A Centennial Bell, a half-size replica bell, and bell-shaped cookies rang in concert yesterday at the Business School’s Baker Library.
The library’s belltower became home to the first of 18 new bells being delivered from Russia to Harvard, with the rest slated to be installed in Lowell House next summer. The new set is coming to Cambridge in exchange for Harvard’s historic bells from Danilov Monastery in Moscow, which an American industrialist purchased from Josef Stalin’s Soviet Union and gave to the University in 1930.
When the bells arrived over 70 years ago, 17 of them went to Lowell House. But one was sent across the Charles River after a bell expert determined that two of them were too close in tone to be sounded at the same time.
Yesterday’s ceremony marked another chapter in the decades-long saga to send the bells home and to commission and cast replacements for Harvard. The Business School’s new bell, which was dubbed the Centennial Bell in honor of the school’s 100th anniversary next year, rang in its new home for the first time. A half-size replica of the bell was simultaneously unveiled on the lawn in front of the library.
The new bell is engraved with illustrations of the Baker Library and Danilov Monastery as well as the Harvard and Business School shields.
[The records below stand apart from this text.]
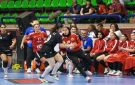 سيدات يد الأهلي يبحث عن لقب إفريقيا أمام بترو أتلتيكو - eg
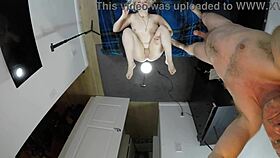 How does Annie Archer handle this casting POV?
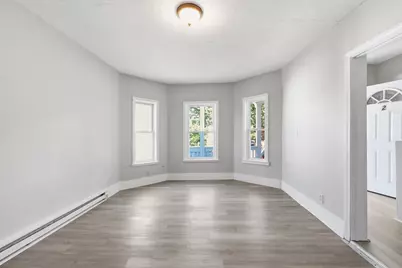 2 Ely St, Worcester, MA 01610 - Photo 5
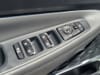 19 thumbnail image of  2022 Hyundai Santa Fe Limited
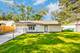 1315 Loral, Joliet, IL 60435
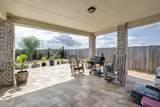 3514 Conquest Circle - Photo 18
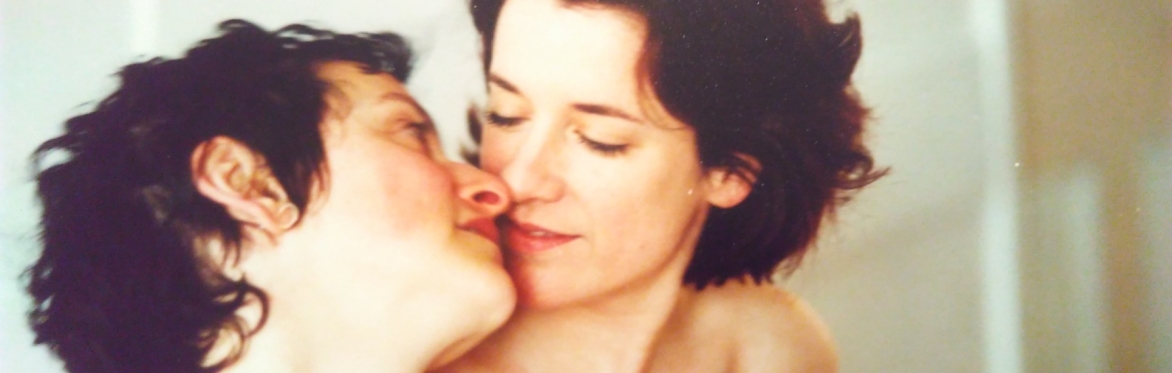 Screening of Lisa Gornick’s Do I Love You?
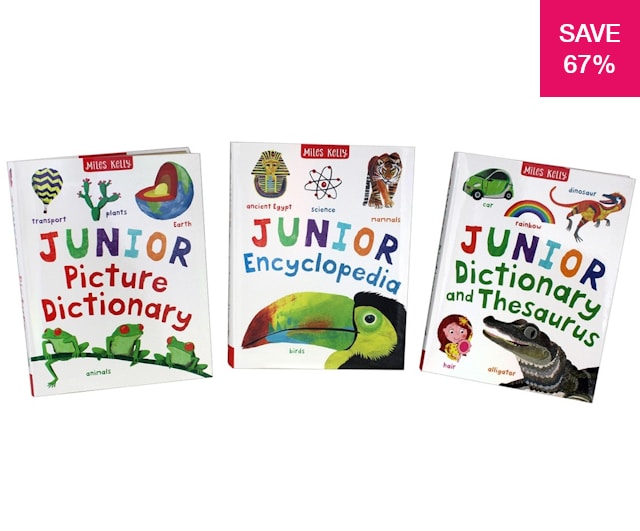 Homework help for college online - math, accounting, statistics, etc.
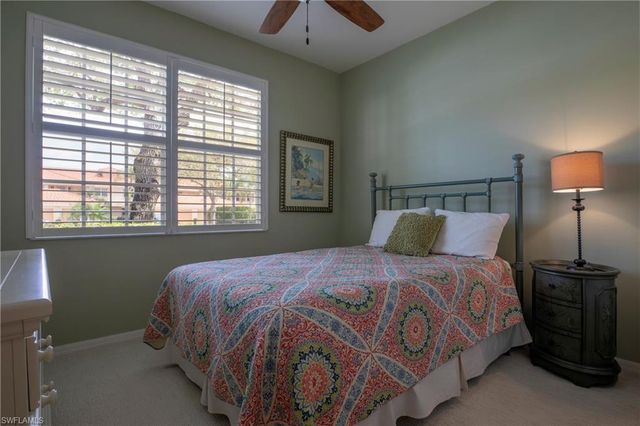 28052 Palmas Grandes LN 101, Bonita Springs, FL 34135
The words “Leadership, Excellence, Integrity,” and the years of the Business School’s existence, “1908-2008,” are inscribed on its surface.
“The new bell...will have special significance for this community,” Business School Dean Jay O. Light said.
Lowell House Master Diana L. Eck detailed the history of the bells’ presence at Harvard and the prolonged efforts to return them to their original home.
“Though we had been stewards, in a sense, of these bells for seven decades, we realized we had no idea how to ring them properly,” Eck said. “In Russia, they were and are a national treasure.”
A Russian Business School student, Konstantin V. Kuzovkov, also spoke at the event. He recalled walking near the Danilov Monastery in 2005 and seeing a poster of Baker Library just as he was finishing up his application to the school.
“The whole project itself is a great example of modern leadership,” Kuzovkov said, referring to the collaboration of people from a range of different backgrounds. “This is how I believe the world is going to evolve pretty soon.”
Over 200 people attended the event. They were treated to an autumn-themed reception following the formal ceremony and unveiling, complete with gold, bell-shaped cookies that covered with icing spelling out “HBS 1908-2008.”
Harvard’s 17 other Danilov bells will remain in Lowell House until Commencement in June, when they will sound for the last time before returning to Moscow and being replaced with the new bells. Harvard’s new set was sanctified by the Patriarch of the Russian Orthodox Church at a lavish ceremony in Moscow in July. A Russian metals tycoon, Viktor Vekselberg, reportedly paid millions of dollars to bring the bells home and cast new ones for Harvard.